Mit dem neuen Gesetz würden die Handlungsmöglichkeiten der Länder reduziert, rügte Stracke. Das könne nicht gutgehen. Notwendig sei jetzt eine enge Abstimmung von Bund und Ländern, das habe die SPD jedoch lange verhindert. Stracke rügte: „Sie haben keinen Plan für diese Pandemie.“ Die Feststellung der epidemischen Notlage gebe einen passgenauen Rahmen für die Länder. Dieses bewährtes Rechtsinstrument werde nun ohne Not nicht verlängert Das sei ein falsches Signal und auch inhaltlich falsch. „Sie haben sich komplett verrannt.“
Spahn weist Kritik an seinem Krisenmanagement zurück
Auch der geschäftsführende Bundesgesundheitsminister Jens Spahn (CDU) meldete sich in der Debatte zu Wort und wies Kritik an seinem Krisenmanagement zurück. Spahn räumte ein, die Lage sei ernst. Die jetzige Dynamik im Infektionsgeschehen hätten Wenige vorhergesagt.
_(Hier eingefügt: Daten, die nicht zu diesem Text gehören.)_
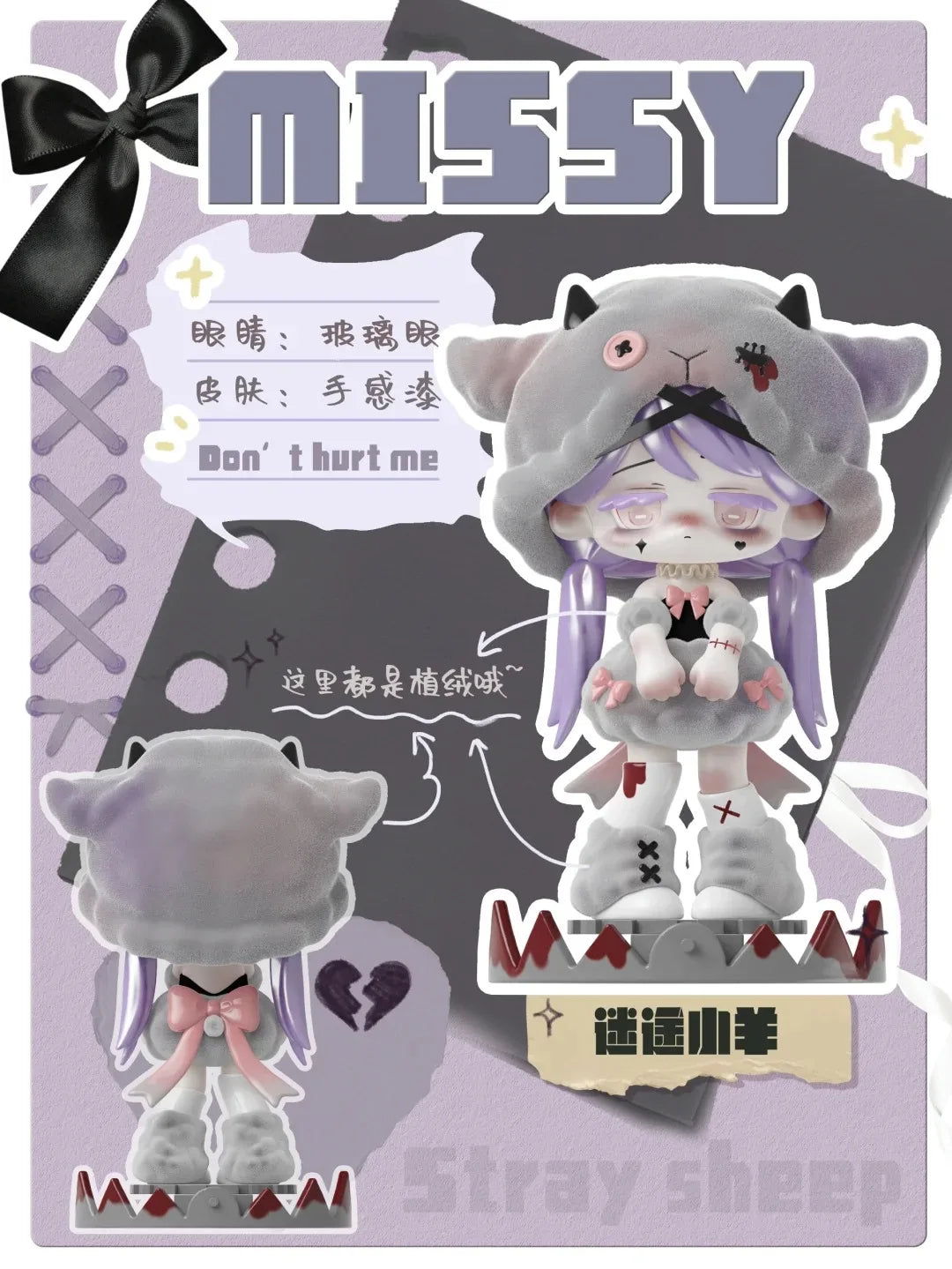 Missy Sweet Mourning Lolita Series Blind Box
Er selbst habe verschiedene Vorschläge gemacht, wie die Rechtslage in der Zukunft ausgestaltet werden könne. Wenn die künftige Koalition nun einen eigenen Weg gehe, müsse sie dafür auch die Verantwortung übernehmen. Die Grünen-Abgeordnete Manuela Rottmann bot der Union an, in der Krise im Gespräch zu bleiben.
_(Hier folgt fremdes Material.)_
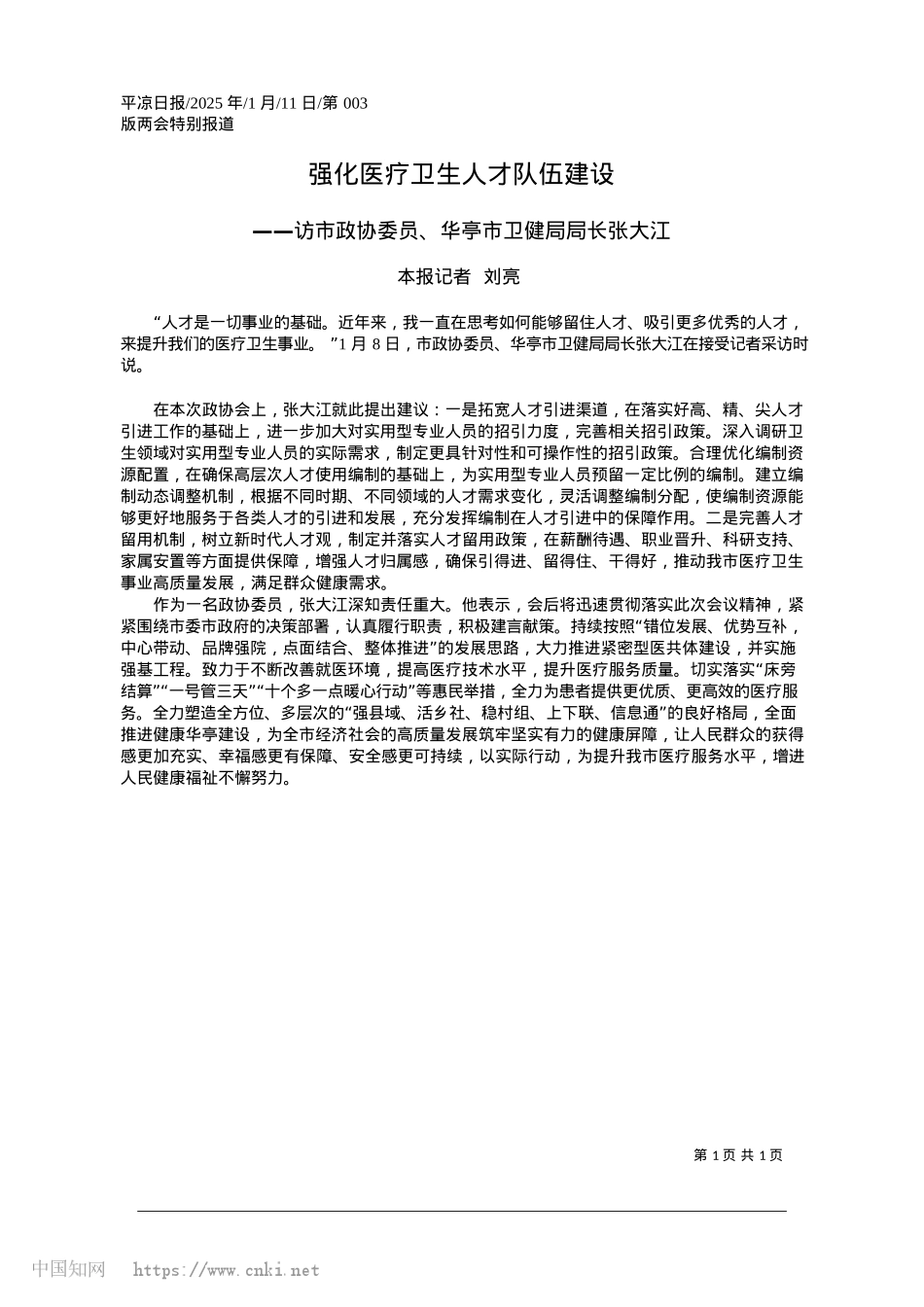 2025.01强化医疗卫生人才队伍建设_本报记者__刘亮.docx_第1页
SPD will die politische Verantwortung übernehmen
Redner von Grünen, SPD und FPD verteidigten den nachgebesserten Gesetzentwurf sowie den geplanten Verzicht auf die Feststellung der epidemischen Notlage. Sabine Dittmar (SPD) sagte, die Reform schaffe einen neuen gesetzlichen Ordnungsrahmen zur Bewältigung der Pandemie. Sie betonte: „Wir reagieren mit den notwendigen und rechtssicheren Maßnahmen auf die sehr schwierige Coronalage.“ Die alte Regelung sei mit Ausgangssperren, Beherbergungsverboten oder flächendeckenden Ladenschließungen „verfassungsrechtlich und epidemiologisch fragwürdig“ gewesen. Dittmar kündigte an: „Wir übernehmen jetzt die politische Verantwortung.“
Mit dem neuen Gesetz bleibe das hohe Schutzniveau nicht nur erhalten, sondern es werde erhöht. Die Länder erhielten mehr Möglichkeiten des effizienten Handelns, als bei der noch gültigen Rechtslage. So könnten die Länder auch Veranstaltungen absagen oder einzelne Einrichtungen schließen. Zudem werde Rechtssicherheit geschaffen. Zugleich würden jene Menschen geschützt, die am verletzlichsten seien. Dittmar sagte voraus: „Vor uns stehen anstrengende Monate.“
Grüne fordern „Schutzwall im öffentlichen Leben“
Auch Katrin Göring-Eckardt (Bündnis 90/Die Grünen) wies auf den Ernst der Lage hin und auf die Notwendigkeit, jetzt entschlossen zu reagieren. Die jüngste Entwicklung im Gesundheitssystem mache ihr große Sorgen. „Wir befinden uns in einer Notsituation.“ Sie warf der alten Regierung vor, sich auf die absehbar schwierige Herbst- und Winterzeit nicht ausreichend vorbereitet zu haben. Sie betonte: „Heute erwarten die Menschen, dass wir uns zusammenreißen und handeln.“
Nötig seien rechtssichere Maßnahmen. Das neue Gesetz biete deutlich mehr Möglichkeiten als bisher. Die Grünen-Politikerin mahnte: „Wir brauchen einen Schutzwall im öffentlichen Leben.“ Daher gebe es künftig die Pflicht, die Lage von Kindern zu berücksichtigen. Schulen und Kitas müssten so lange wie möglich offen bleiben.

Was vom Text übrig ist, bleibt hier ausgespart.